Differences in Parotid Dosimetry and Expected Normal Tissue Complication Probabilities in Whole Brain Radiation Plans Covering C1 Versus C2.

OBJECTIVES: There is no consensus standard regarding the placement of the inferior field border in whole brain radiation therapy (WBRT) plans, with most providers choosing to cover the first versus (vs.) second cervical vertebrae (C1 vs. C2). We hypothesize that extending coverage to C2 may increase predicted rates of xerostomia.
METHODS: Fifteen patients underwent computed tomography (CT) simulation; two WBRT plans were then produced, one covering C2 and the other covering C1. The plans were otherwise standard, and patients were prescribed doses of 25, 30 and 37.5 gray (Gy). Dose-volume statistics were obtained and normal tissue complication probabilities (NTCPs) were estimated using the Lyman-Burman-Kutcher model. Mean parotid dose and predicted xerostomia rates were compared for plans covering C2 vs. C1 using a two-sided patient-matched t-test. Plans were also evaluated to determine whether extending the lower field border to cover C2 would result in a violation of commonly accepted dosimetric planning constraints.
RESULTS: The mean dose to both parotid glands was significantly higher in WBRT plans covering C2 compared to plans covering C1 for all dose prescriptions (p<0.01). Normal tissue complication probabilities were also significantly higher when covering C2 vs. C1, for all prescribed doses (p<0.01). Predicted median rates of xerostomia ranged from <0.03%-21% for plans covering C2 vs. <0.001%-12% for patients treated with plans covering C1 (p<0.01), dependent on the treatment dose and NTCP model. Plans covering C2 were unable to constrain at least one parotid to <20 Gy in 31% of plans vs. 9% of plans when C1 was covered. A total parotid dose constraint of <25 Gy was violated in 13% of plans covering C2 vs. 0% of plans covering C1.
CONCLUSIONS: Coverage of C2 significantly increases the mean parotid dose and predicted NTCPs and results in more frequent violation of commonly accepted dosimetric planning constraints.

Introduction

Whole brain radiation therapy (WBRT) is one of the most common treatments delivered in radiation oncology. Whole brain radiation therapy is typically utilized in the palliative setting when treating patients with multiple brain metastases. Less frequently, it is delivered in the curative setting, including as prophylactic cranial irradiation (PCI) for small-cell lung cancer and various high-risk or central nervous system (CNS) positive leukemias, as well as part of the definitive regimen in some institutions for primary CNS lymphomas.
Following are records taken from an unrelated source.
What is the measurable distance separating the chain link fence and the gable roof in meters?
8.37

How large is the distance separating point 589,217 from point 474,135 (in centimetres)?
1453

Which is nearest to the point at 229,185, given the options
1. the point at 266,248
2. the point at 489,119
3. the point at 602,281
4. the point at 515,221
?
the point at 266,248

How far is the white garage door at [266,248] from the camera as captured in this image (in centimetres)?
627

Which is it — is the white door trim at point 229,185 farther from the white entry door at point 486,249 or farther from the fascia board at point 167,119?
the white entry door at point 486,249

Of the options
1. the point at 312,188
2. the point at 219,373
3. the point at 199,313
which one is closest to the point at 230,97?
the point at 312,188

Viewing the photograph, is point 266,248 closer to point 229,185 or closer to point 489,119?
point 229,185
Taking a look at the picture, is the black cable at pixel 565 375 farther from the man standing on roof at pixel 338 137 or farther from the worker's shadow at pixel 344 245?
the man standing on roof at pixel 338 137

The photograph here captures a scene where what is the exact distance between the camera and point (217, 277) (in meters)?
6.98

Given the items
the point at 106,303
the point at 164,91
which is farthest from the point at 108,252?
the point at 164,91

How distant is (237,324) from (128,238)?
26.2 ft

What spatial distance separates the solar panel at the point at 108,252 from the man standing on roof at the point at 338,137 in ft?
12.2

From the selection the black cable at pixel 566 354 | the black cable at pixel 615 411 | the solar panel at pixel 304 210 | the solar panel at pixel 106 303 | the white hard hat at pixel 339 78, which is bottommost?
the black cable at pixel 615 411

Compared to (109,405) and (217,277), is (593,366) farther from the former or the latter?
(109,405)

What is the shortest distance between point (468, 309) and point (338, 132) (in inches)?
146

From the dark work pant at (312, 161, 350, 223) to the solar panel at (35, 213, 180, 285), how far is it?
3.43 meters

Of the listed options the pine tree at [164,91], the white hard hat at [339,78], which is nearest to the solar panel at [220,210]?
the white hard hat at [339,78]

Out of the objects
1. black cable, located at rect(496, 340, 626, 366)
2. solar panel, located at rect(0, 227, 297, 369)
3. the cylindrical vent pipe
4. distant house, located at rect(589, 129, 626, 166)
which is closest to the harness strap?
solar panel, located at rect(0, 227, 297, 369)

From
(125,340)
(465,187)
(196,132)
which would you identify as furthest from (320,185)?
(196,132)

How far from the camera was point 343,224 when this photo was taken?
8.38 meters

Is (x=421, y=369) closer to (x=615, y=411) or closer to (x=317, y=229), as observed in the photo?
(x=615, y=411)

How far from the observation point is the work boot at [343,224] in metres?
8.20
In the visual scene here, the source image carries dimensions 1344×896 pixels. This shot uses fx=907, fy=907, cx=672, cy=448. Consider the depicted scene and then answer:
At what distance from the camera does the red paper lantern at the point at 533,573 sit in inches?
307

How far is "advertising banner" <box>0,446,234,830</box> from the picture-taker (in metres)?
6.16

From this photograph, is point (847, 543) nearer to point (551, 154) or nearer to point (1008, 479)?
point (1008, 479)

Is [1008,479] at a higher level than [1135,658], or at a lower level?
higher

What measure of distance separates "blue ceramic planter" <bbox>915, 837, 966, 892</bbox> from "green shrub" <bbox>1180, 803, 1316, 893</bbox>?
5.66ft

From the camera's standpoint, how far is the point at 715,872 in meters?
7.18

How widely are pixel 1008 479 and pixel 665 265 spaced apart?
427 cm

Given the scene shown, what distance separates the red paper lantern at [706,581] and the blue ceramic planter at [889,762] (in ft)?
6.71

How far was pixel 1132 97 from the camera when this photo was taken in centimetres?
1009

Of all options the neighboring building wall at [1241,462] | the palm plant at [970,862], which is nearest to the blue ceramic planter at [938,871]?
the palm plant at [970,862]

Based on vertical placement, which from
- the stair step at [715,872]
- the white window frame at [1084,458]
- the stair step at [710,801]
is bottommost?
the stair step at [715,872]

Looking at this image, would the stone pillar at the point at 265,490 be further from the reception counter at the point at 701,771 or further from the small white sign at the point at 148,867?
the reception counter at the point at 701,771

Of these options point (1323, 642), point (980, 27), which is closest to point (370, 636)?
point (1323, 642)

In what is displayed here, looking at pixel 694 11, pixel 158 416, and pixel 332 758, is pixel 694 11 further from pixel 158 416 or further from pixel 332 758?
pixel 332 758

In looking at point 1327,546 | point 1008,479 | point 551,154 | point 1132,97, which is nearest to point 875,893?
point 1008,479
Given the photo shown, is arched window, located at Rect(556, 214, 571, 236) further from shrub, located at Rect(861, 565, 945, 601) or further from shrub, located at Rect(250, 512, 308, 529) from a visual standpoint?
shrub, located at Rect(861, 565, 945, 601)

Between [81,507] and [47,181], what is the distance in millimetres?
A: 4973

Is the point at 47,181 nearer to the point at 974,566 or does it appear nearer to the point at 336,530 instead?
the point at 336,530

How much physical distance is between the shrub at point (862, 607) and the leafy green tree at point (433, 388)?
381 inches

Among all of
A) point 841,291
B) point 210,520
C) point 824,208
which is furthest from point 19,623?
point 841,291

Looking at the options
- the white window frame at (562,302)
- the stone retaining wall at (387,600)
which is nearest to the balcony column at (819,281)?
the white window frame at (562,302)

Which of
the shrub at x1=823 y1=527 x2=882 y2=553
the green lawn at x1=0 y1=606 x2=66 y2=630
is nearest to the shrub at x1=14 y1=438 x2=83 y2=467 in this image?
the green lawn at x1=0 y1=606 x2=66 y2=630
Several recent papers have proposed that the parotid glands be considered at-risk organs in patients receiving WBRT [1-2]. The poor prognosis traditionally associated with brain metastases previously limited interest in evaluating the long-term side effects of WBRT, as it was not expected that patients would live long enough to experience these late effects. However, the potential late effects of WBRT, including xerostomia, have become more prescient given the improved overall survival achieved in patients with brain metastases [3], as well as the potential for xerostomia to be induced during or shortly after radiation [4]. Additionally, it has been observed that the long-term impact of radiation on salivary function exists as a continuum and that doses as low as 10-15 gray (Gy) may decrease parotid gland function [5]. In their review of publications that related dose-volume statistics to radiotherapy-induced xerostomia, Eisbruch, et al. noted that a lower mean dose to the parotid gland usually results in better salivary function, even at doses <10 Gy [6]. Specifically, they recommended keeping the dose to at least one gland <20 Gy. Another commonly accepted guideline to prevent xerostomia is to keep the mean dose to both parotids below 25 Gy [7]. When the mean dose to both parotids is limited to less than 25 Gy, it has been estimated that salivary flow will return to baseline by 12 months [8]. Because xerostomia can be quite detrimental to the patient’s quality of life, there has been interest in evaluating and subsequently limiting the dose to the parotid glands when delivering WBRT [9-11].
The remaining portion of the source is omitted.